Мережковский не мог не заметить, что построения Вячеслава Иванова очевидно перекликаются с его рассуждениями о «плоти» и «духе» в истории (Иванов и не скрывал, что чтение «Юлиана Отступника» было одним из важных составляющих его творческого развития). Однако проповедь Иванова была проще и практически гораздо действеннее, нежели призывы Мережковского к «преображению Православия» в «новую религиозность» русской интеллигенции.
Для Мережковского язычество и христианство иерархически качественно несопоставимы. Христианство «выше» язычества: язычество может лишь «намекнуть» об Истине – в своих лучших красотах. Христианство являет Саму Истину – в Христе. «Новое религиозное действие» есть только практическое количественное распространение Истины христианства на «внецерковные» сферы – «христианизация» политики, экономики, права, науки, быта. Самым совершенным церковным организмом для «воцерковления» повседневной, обыденной жизни современного человека Мережковский полагал Русскую православную церковь. Но она упорно не хотела «распространяться» и созидать «православную политику», «православную экономику», «православную эротику» и т. д., – равно как и власть имущие люди, интеллигенты, «властители дум», формально принадлежащие к Церкви, предпочитали не привносить в свою общественную и частную жизнь элементы суровой православной дисциплины.
Для Вячеслава Иванова и язычество, и христианство были абсолютно равны, относясь друг к другу, как «тезис» относится к «антитезису». Языческий бог экстаза Дионис и Христос для него – один и тот же Неведомый Бог, открывшийся в первом случае с «чувственной», а во втором – с «разумной» стороны.

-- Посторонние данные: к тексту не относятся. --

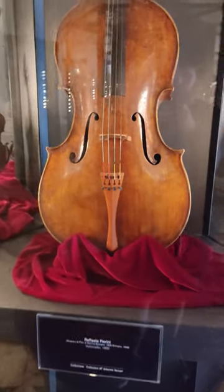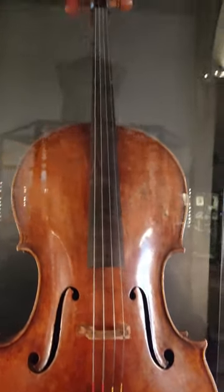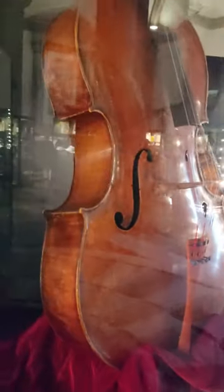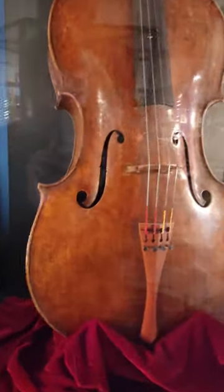On display at the Museo della Musica in Venice is this stunning cello made by Raphael Fiorini in Bologna in 1892. This is a really elegant instrument with a beautiful varnish and a lovely outline.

Из этого следовал самый главный в учении Иванова практический вывод: современному интеллектуалу для того, чтобы религиозно устроить свою жизнь, не нужно церемониться с христианством (тем более – с православием), впрочем, равно как и с «традиционным» язычеством. И то и другое – уже изжившие себя формы религиозного познания. Сейчас наступает эпоха «синтеза», то есть созидания «третьей», принципиально отличной как от язычества, так и от христианства религиозности. Форма ее воплощения – мистическая импровизация, «свободное жизнетворчество», признающие всё, вызывающие «восторги и содрогания», ввергающие личность в «безличие» экстаза.
Практика ивановской «синтетической религии», подхваченная русской творческой интеллигенцией с гораздо большим энтузиазмом, нежели «новое религиозное действие» Мережковского, – впечатляет. Друг Блока, писатель и публицист Евгений Павлович Иванов сообщает в письме поэту подробности одного из типичных «богослужений» этого рода, которое состоялось по инициативе Вячеслава Иванова 2 мая 1905 года у Минского.
«…Было решено произвести собрание, – пишет Иванов, – где бы Богу послужили, порадели, каждый по пониманию своему, но «вкупе»…» Сказано – сделано. Собирались в полночь, с женами и девицами. Сначала пили чай, читали стихи и «делали ритмические телодвижения». Потом в темной зале сидели на полу, в кругу, взявшись за руки. Во тьме раздавались взрывы истерического хохота и крики: «Ой, нога затекла!» – «Ой, кто-то юбку дергает!» Свечи то зажигали, то гасили – и так в течение двух часов. Далее избрали «жертву» – молодого музыканта-еврея, целовали у него руки, потом повалили, растянули «крестом», разрезали жилу под ладонью, нацедили кровь в кубок с вином и пустили пить по кругу. С одной из женщин сделался припадок… «… Я знал, – вспоминал об этом времени Андрей Белый, – нескольким юным девушкам лозунги В. Иванова отлились; я знал: в „модном“ публичном доме выставлен портрет его почетного посетителя, известного всем писателя (для заманки „гостей“); я знал: в одном доме супруг и супруга преследовали барышню: супруга – лесбийской любовью, супруг – …? Но он был не прочь поухаживать и за юношами; скажут: личная жизнь; нет, в данном случае практика стихов об „объятиях“; несколько шалых дамочек, взяв клятву молчания с понравившегося им мужчины, появлялись перед ним голыми, на него нападали».
На одном из заседаний московского Литературно-художественного кружка, председателем которого был Брюсов, поэт Александр Курсинский, впав в истерический транс, залез на трибуну и кричал истошным голосом:
– Я желаю совершить преступление!.. Я бы… я… я… изнасиловал бы всех!!!
Публика восторженно аплодировала.
Все это и были проявления «новой религиозности», долженствующей, согласно учению Вячеслава Иванова, сменить в XX веке «изжившее себя» христианство.